**WORK TASK:**
Only the lines from the one with "Used 2015 RAM 1500 Express image 19" to the end of the data below should be returned, each exactly as it stands.
[[ MATERIAL FOR THIS TASK, beginning ]]
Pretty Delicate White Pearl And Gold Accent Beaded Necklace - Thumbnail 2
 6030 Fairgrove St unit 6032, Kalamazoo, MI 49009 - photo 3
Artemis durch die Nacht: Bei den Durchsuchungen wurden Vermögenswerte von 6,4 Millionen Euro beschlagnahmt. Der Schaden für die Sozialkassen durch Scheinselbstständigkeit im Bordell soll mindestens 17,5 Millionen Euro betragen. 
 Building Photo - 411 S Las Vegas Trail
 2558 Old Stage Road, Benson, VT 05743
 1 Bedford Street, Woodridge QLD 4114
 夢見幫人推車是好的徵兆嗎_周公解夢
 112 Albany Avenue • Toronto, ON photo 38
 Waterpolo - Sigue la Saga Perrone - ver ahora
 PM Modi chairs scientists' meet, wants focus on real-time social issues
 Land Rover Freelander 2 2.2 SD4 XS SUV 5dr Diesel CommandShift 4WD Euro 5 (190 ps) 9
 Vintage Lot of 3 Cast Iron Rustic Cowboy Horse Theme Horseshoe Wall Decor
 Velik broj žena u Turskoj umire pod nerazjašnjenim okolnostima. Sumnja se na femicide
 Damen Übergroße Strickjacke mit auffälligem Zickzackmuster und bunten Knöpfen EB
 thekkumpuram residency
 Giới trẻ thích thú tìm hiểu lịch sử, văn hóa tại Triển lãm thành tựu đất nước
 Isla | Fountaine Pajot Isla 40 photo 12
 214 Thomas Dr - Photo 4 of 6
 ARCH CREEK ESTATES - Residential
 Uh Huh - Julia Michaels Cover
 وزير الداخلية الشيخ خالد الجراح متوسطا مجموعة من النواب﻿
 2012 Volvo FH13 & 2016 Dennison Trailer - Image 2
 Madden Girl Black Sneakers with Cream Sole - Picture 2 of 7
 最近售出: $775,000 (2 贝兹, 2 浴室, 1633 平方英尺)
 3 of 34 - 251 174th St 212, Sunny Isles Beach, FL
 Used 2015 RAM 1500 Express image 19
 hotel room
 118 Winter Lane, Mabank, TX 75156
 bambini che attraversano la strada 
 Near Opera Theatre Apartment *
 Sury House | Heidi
[[ MATERIAL FOR THIS TASK, end ]]
**RESULT:**
 Used 2015 RAM 1500 Express image 19
 hotel room
 118 Winter Lane, Mabank, TX 75156
 bambini che attraversano la strada 
 Near Opera Theatre Apartment *
 Sury House | Heidi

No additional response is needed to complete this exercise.